▸ EXERCISE DIRECTIONS
Your output must be the lines below from the line containing "True Religion Jeans (view 1)" to the line containing "Property photo of", both lines included, reproduced exactly and without pictures.
───── INPUT ─────
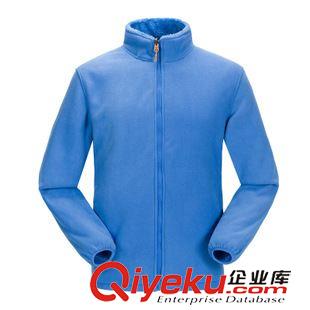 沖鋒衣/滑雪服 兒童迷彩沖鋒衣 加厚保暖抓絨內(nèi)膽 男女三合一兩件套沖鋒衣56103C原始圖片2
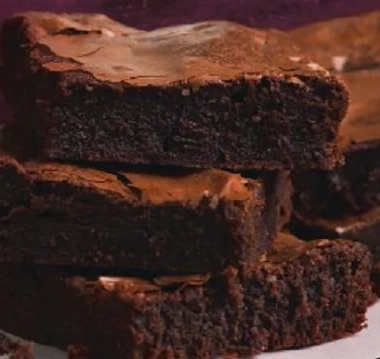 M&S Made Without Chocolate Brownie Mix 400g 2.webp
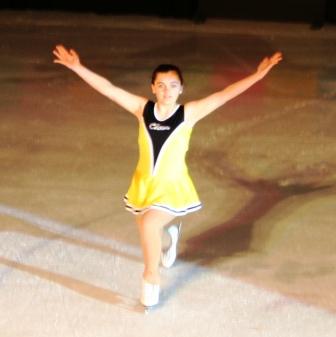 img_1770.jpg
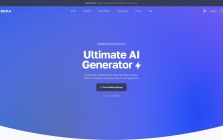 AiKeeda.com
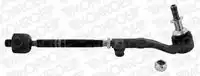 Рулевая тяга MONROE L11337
─────
───── INPUT ─────
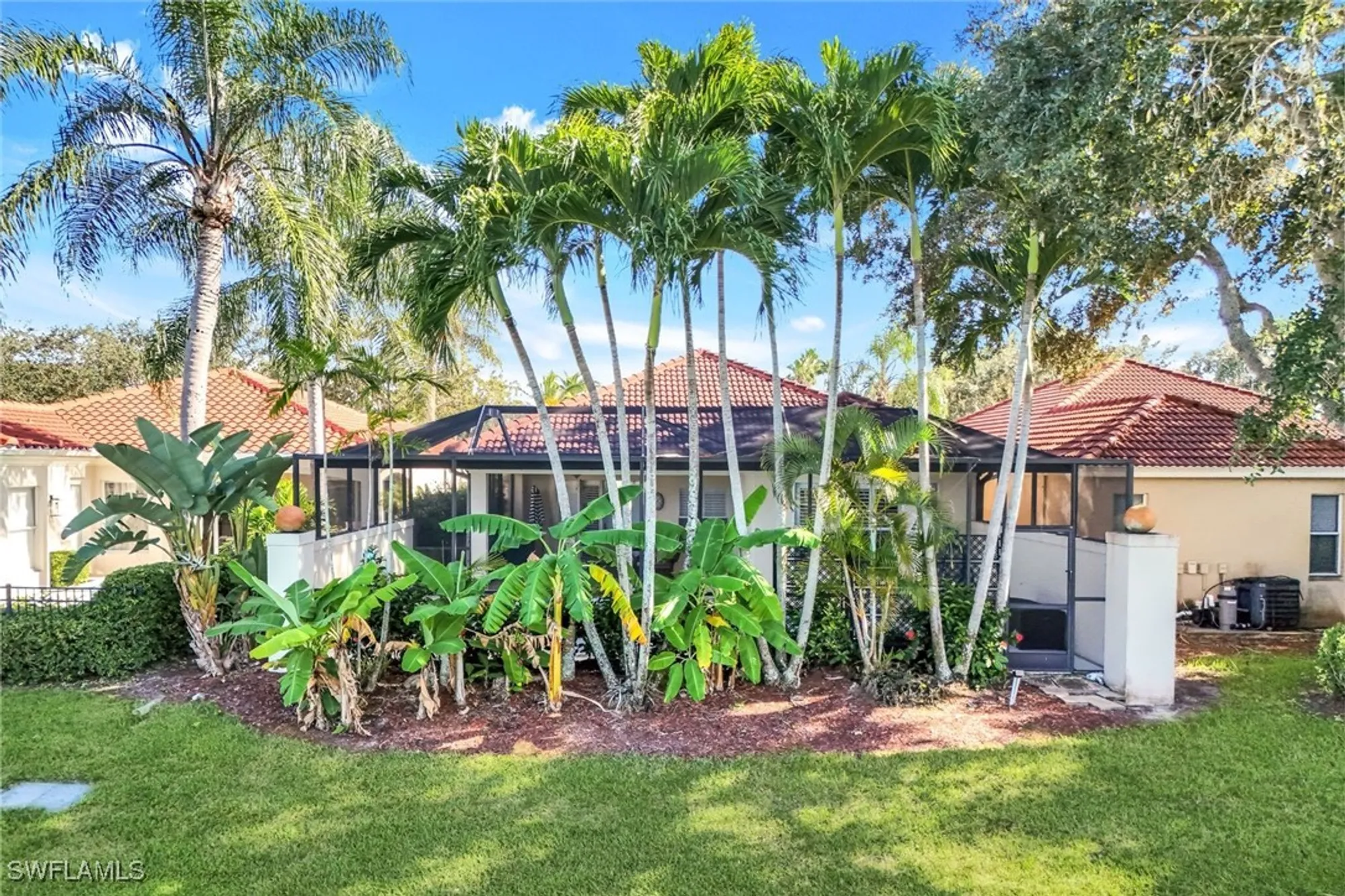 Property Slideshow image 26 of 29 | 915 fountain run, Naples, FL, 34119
─────
───── INPUT ─────
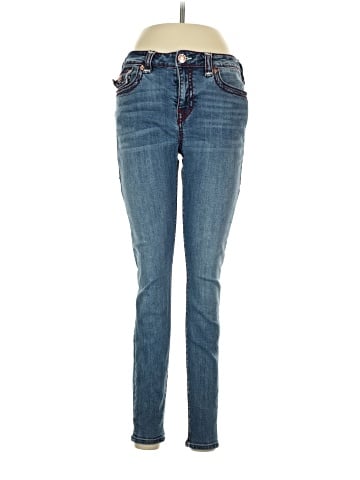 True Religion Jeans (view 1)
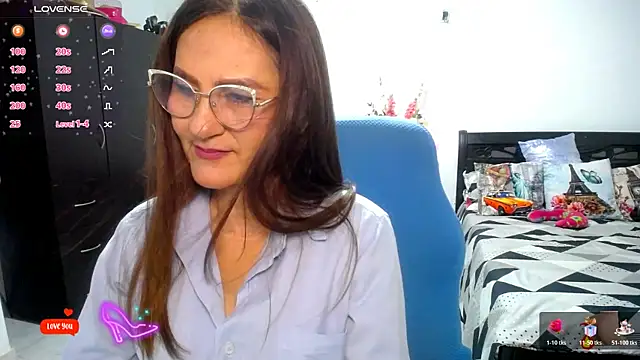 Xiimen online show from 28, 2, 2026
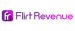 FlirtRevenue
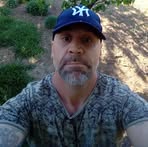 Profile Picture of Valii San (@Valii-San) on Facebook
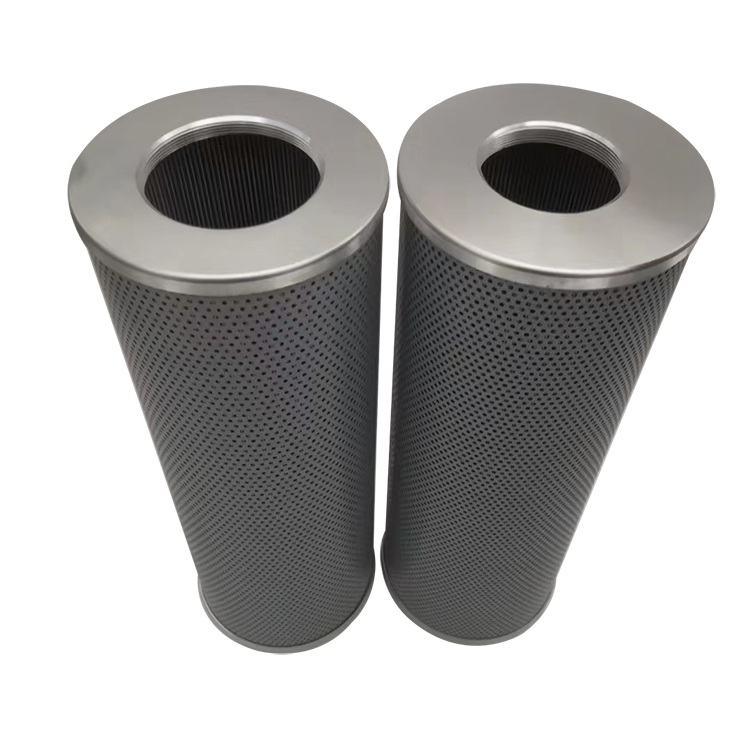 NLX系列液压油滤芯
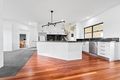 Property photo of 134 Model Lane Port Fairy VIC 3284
─────
▸ SOLUTION
 True Religion Jeans (view 1)
 Xiimen online show from 28, 2, 2026
 FlirtRevenue
 Profile Picture of Valii San (@Valii-San) on Facebook
 NLX系列液压油滤芯
 Property photo of 134 Model Lane Port Fairy VIC 3284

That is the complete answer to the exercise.